##### Data excerpts

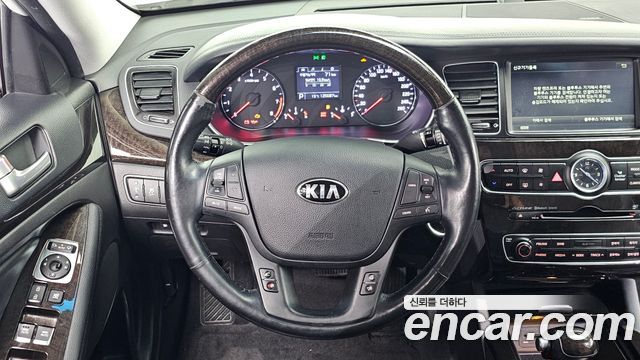 Kia K7 2013 — photo 21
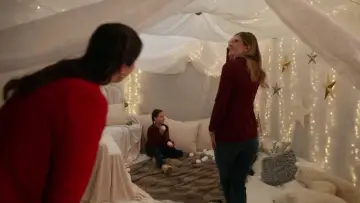 Backdrop to the movie "Christmas in Alaska" #1141739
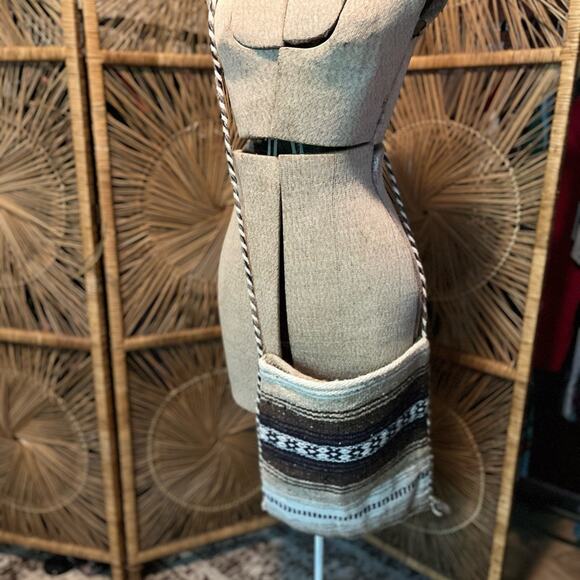 Woven Striped Crossbody Bag - Picture 2 of 4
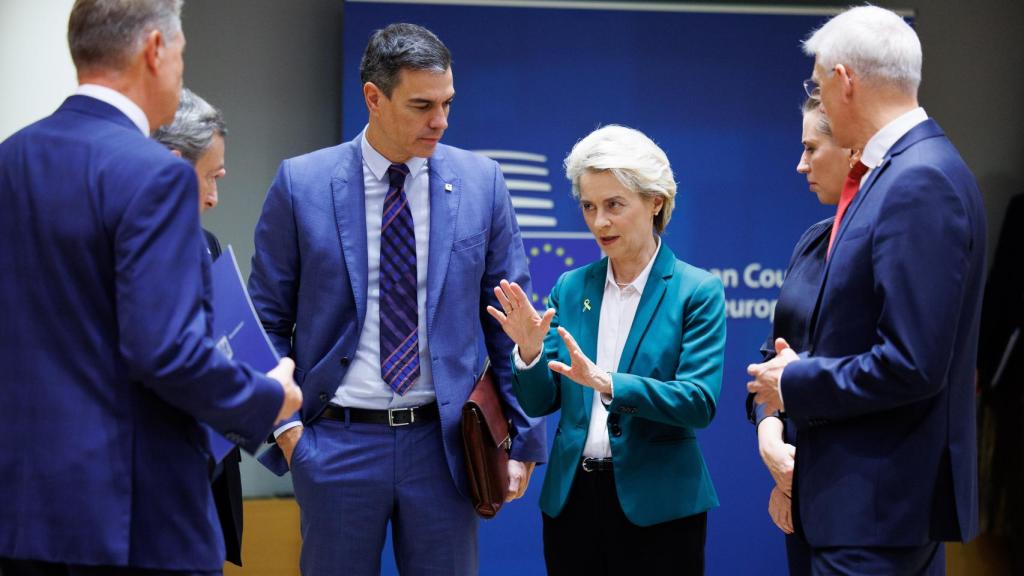 Pedro Sánchez conversa con Ursula von der Leyen durante un Consejo Europeo, celebrado en Bruselas.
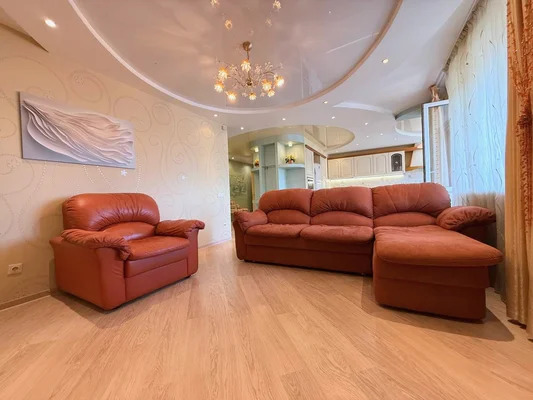 Продам трехкомнатную (3-комн.) квартиру, Деловая ул, 22к2, Нижний Н... - Фото 2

##########

• Assigned task: Exact copies of all the entries are needed; output them without the pictures.

• Exercise result:
 Kia K7 2013 — photo 21
 Backdrop to the movie "Christmas in Alaska" #1141739
 Woven Striped Crossbody Bag - Picture 2 of 4
 Pedro Sánchez conversa con Ursula von der Leyen durante un Consejo Europeo, celebrado en Bruselas.
 Продам трехкомнатную (3-комн.) квартиру, Деловая ул, 22к2, Нижний Н... - Фото 2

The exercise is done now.